> WORK REQUIRED: Please set down, with no changes, every line of the material below from the one containing "Primary Photo - 2" through the end. Skip the pictures.

*** LISTED ENTRIES ***

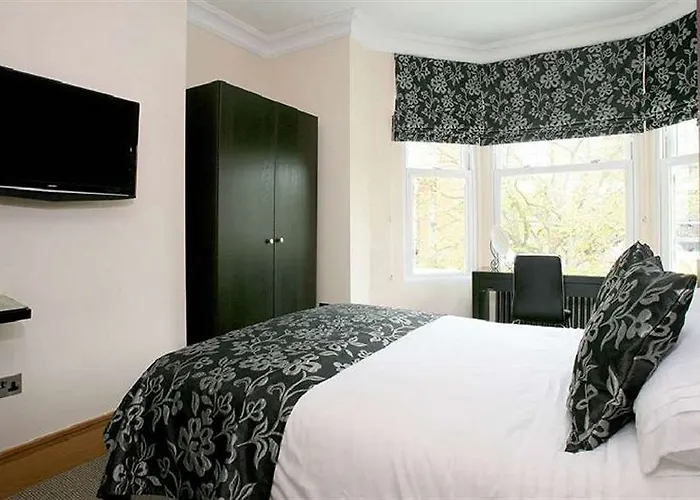 Guest house The Lodge Harrogate Harrogate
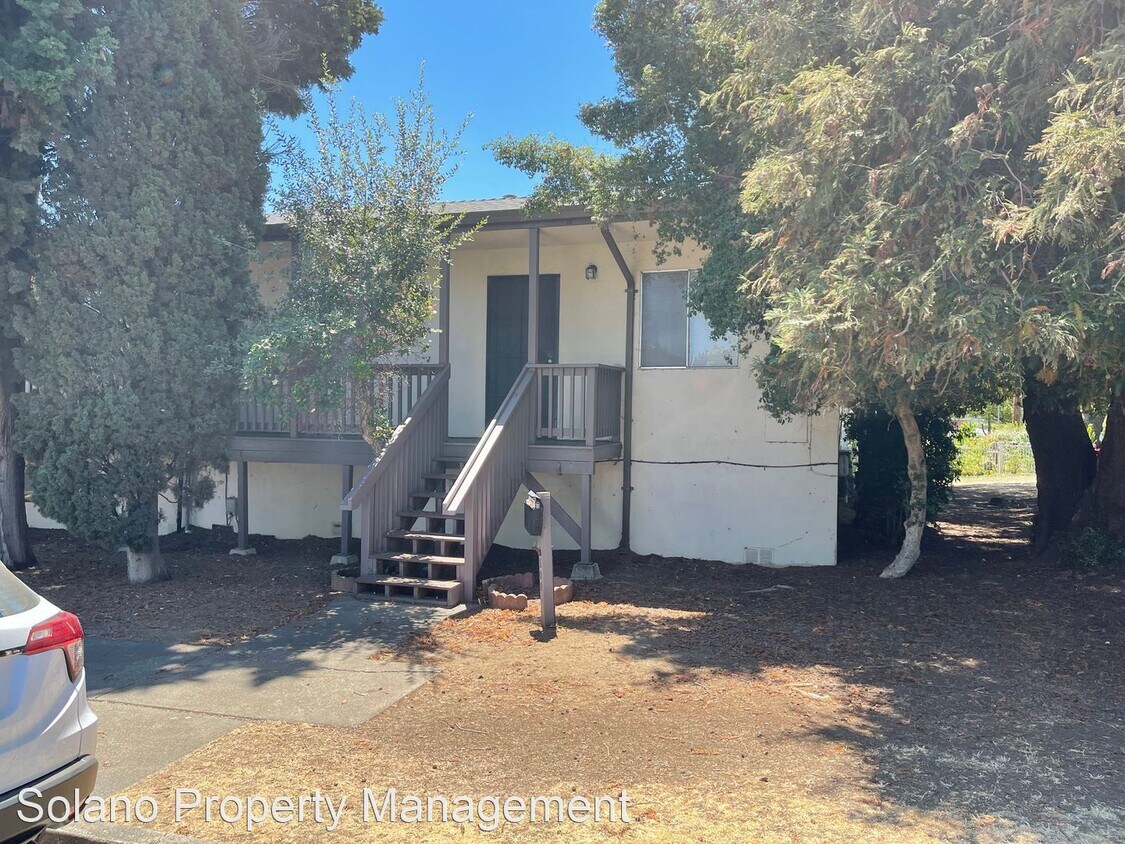 Primary Photo - 2 br, 1 bath House - 500 East I St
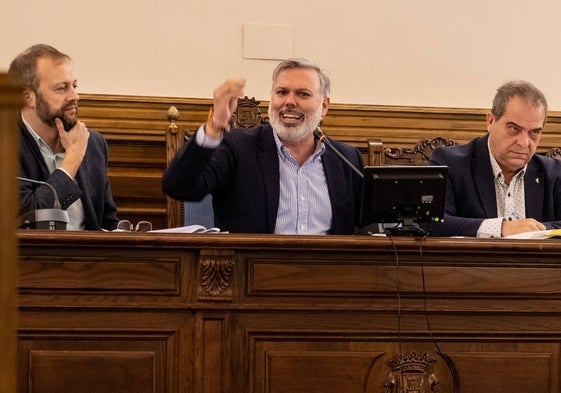 Fernando Pizarro, en la sesión plenaria del Ayuntamiento de Plasencia este lunes.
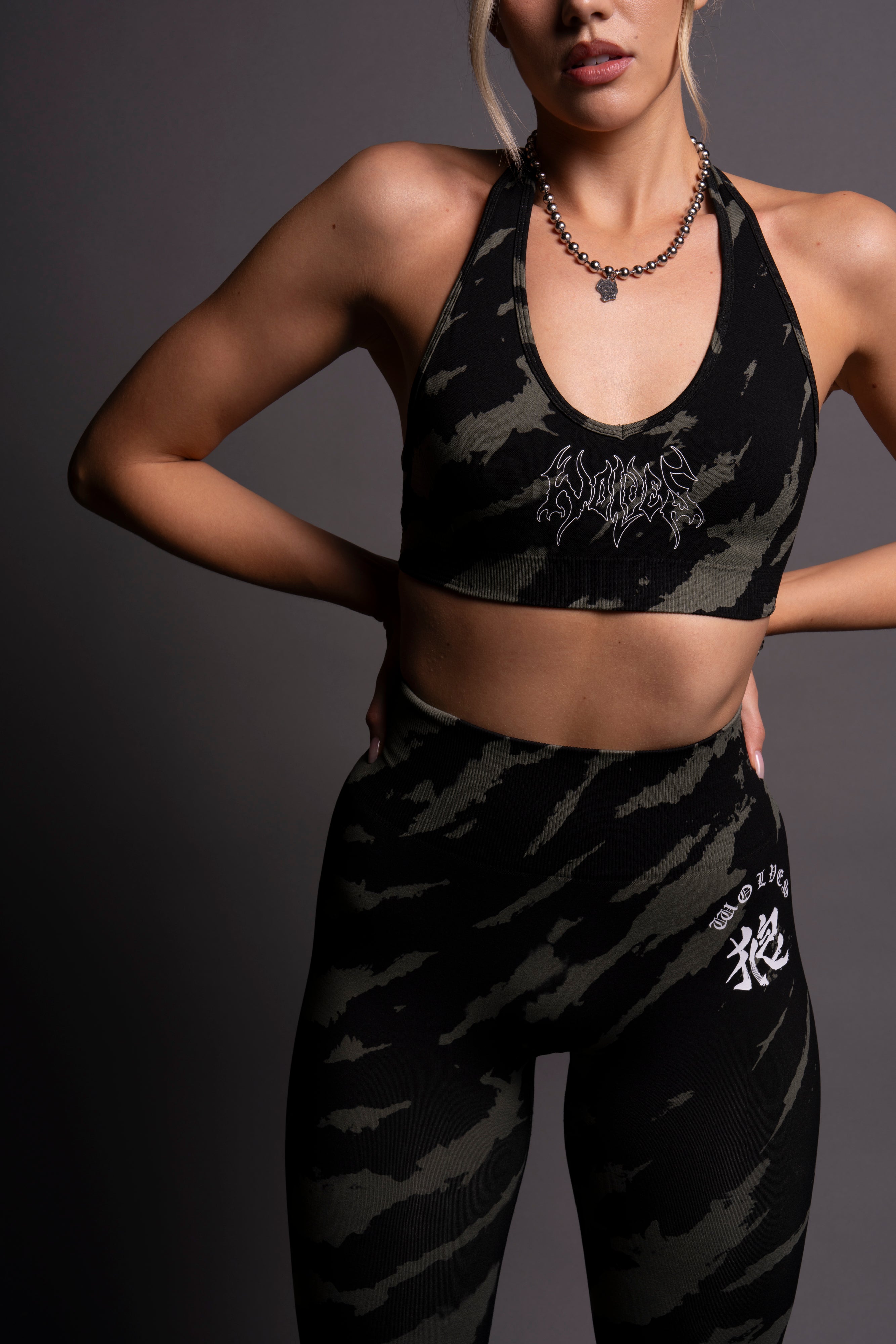Why Wait "Everson Seamless" Valencourt Halter Bra in Pine Green/Black Native Camo — imagem 7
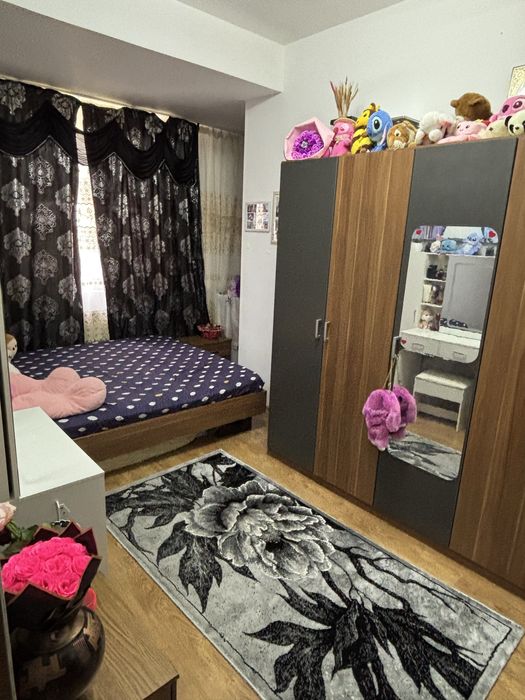 Apartament 4 camere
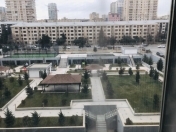 İcarəyə verilir 3 otaqlı 145 m2 yeni tikili Elmlər Akademiyası m.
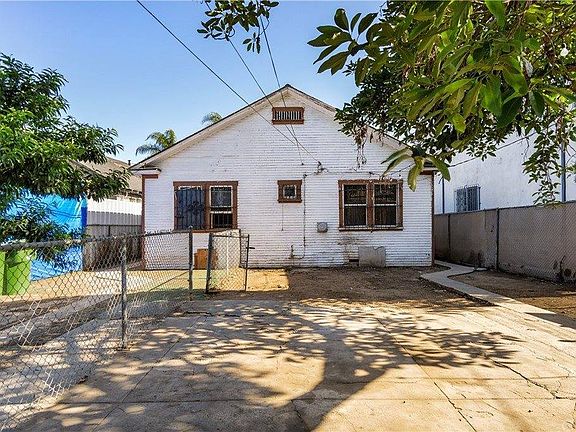 4th image of 1809 W 35th St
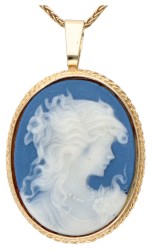 Vintage 18 kt. geelgouden collier met hanger bezet met een blauwe camee met een en profil portret van een dame.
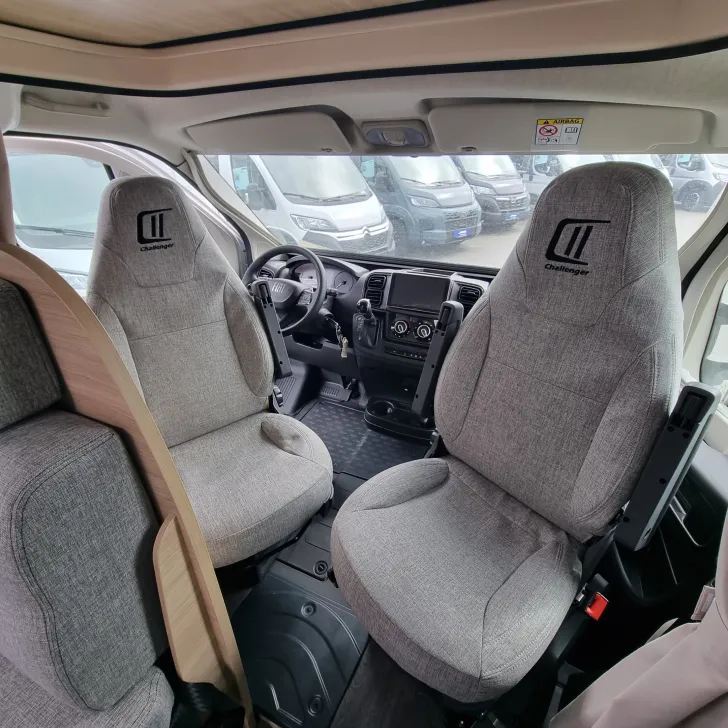 Fahrzeugbild Challenger C387 Break Edition, Automatik, Markise, Solar #12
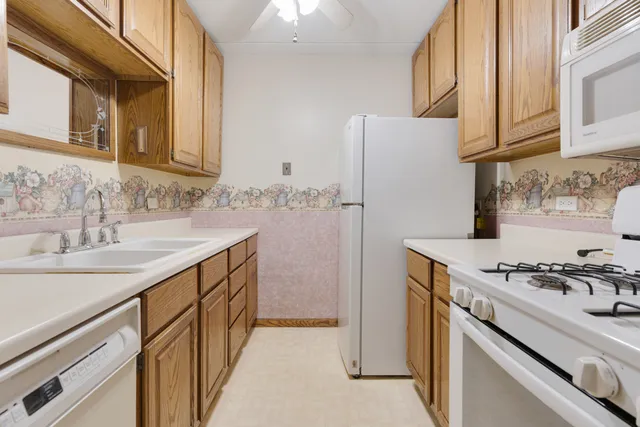 $160,000 | 242 Shorewood Drive, Unit 1B, Glendale Heights, IL 60139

*** End of LISTED ENTRIES ***

> EXERCISE RESPONSE:
 Primary Photo - 2 br, 1 bath House - 500 East I St
 Fernando Pizarro, en la sesión plenaria del Ayuntamiento de Plasencia este lunes.
Why Wait "Everson Seamless" Valencourt Halter Bra in Pine Green/Black Native Camo — imagem 7
 Apartament 4 camere
 İcarəyə verilir 3 otaqlı 145 m2 yeni tikili Elmlər Akademiyası m.
 4th image of 1809 W 35th St
 Vintage 18 kt. geelgouden collier met hanger bezet met een blauwe camee met een en profil portret van een dame.
 Fahrzeugbild Challenger C387 Break Edition, Automatik, Markise, Solar #12
 $160,000 | 242 Shorewood Drive, Unit 1B, Glendale Heights, IL 60139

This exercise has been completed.